The problem: Repeat verbatim the lines of the data below, beginning with the line containing "Hawk's Nest, Vernon, CT 06066" and continuing to the end.

==*==

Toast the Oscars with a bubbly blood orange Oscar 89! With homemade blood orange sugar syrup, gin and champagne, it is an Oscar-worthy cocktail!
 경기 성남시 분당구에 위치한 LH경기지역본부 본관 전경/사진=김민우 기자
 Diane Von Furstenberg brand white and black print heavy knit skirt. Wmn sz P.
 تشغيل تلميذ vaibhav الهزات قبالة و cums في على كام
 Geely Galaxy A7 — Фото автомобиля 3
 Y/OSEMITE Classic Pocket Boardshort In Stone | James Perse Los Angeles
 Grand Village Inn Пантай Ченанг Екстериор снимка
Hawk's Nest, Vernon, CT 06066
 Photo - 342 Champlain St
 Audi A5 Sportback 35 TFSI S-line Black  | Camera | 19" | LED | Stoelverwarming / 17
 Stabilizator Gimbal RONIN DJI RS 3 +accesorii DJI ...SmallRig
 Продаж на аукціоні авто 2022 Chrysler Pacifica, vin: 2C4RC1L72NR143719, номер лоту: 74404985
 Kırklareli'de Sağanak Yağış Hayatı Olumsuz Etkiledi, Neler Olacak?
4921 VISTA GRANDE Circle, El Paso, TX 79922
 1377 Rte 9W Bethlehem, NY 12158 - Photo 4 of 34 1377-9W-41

==*==

Exercise solution:
Hawk's Nest, Vernon, CT 06066
 Photo - 342 Champlain St
 Audi A5 Sportback 35 TFSI S-line Black  | Camera | 19" | LED | Stoelverwarming / 17
 Stabilizator Gimbal RONIN DJI RS 3 +accesorii DJI ...SmallRig
 Продаж на аукціоні авто 2022 Chrysler Pacifica, vin: 2C4RC1L72NR143719, номер лоту: 74404985
 Kırklareli'de Sağanak Yağış Hayatı Olumsuz Etkiledi, Neler Olacak?
4921 VISTA GRANDE Circle, El Paso, TX 79922
 1377 Rte 9W Bethlehem, NY 12158 - Photo 4 of 34 1377-9W-41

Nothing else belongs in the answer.